Tove Jansson is one of Europe's most celebrated cartoonists, and her most famous creation, the Moomins, are beloved all around the world, having spawned cartoons, films and even a theme park. Recently, an archive of uncatalogued art by the cartoonist was discovered in the British Cartoon Archive that will be displayed in a retrospective hosted by the Dulwich Picture Gallery.

Announced today via The Guardian, the Finnish cartoonist's lesser seen work was found among materials sent into storage by the now-defunct London Evening News, which had serialized Jansson's work. The Moomins debuted in 1945, and Jansson worked on the characters throughout her career up until 1993. During that time she also maintained her commitment to other forms of art and illustration.

Among the works on display are contributions to the Finnish satirical magazine Garm, which Jansson began contributing to while still a teenager, and works of fine art art and illustration, including self-portraits and landscapes, alongside recently recovered art for the Moomins cartoon strip.

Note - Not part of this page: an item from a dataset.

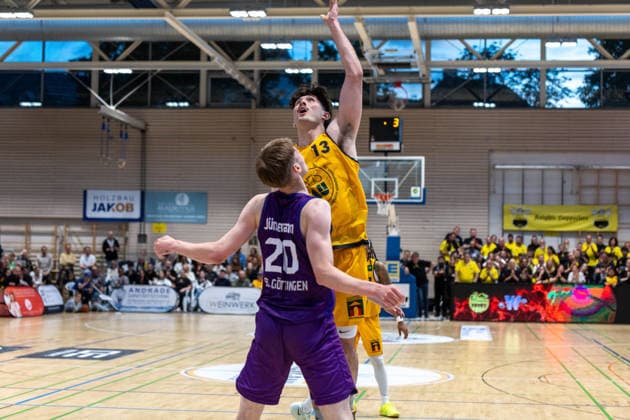Janis Juenemann BG Goettingen, 20 Nicholas Gerard Spinoso Bozic Estriche Knights Kirchheim, 13 GER, Bozic Estriche Knights Kirchheim vs BG Goettingen, BARMER 2 Basketball Bundesliga, Playoffs Game 4, Season 2025 2026, 14 05 2026 GER, Bozic Estriche Knights Kirchheim vs BG Goettingen, BARMER 2 Basketball Bundesliga, Playoffs Game 4, Season 2025 2026, 14 05 2026 Goeppingen Copyright: xEibner-Pressefoto NinaxSanderx EP_NSR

Speaking to The Guardian, the lead curator of the exhibition Sointu Fritze commented “Although the family circle – both the artist’s own and the fictional Moomin family – is central, the door is always open for those seeking shelter”; a reference to both the central themes of the property and also subtle shade towards the current political climate in the United Kingdom.

The Tove Jansson retrospective will be displayed at the Dulwich Picture Gallery in London from 25 October 2017 to 28 January 2018.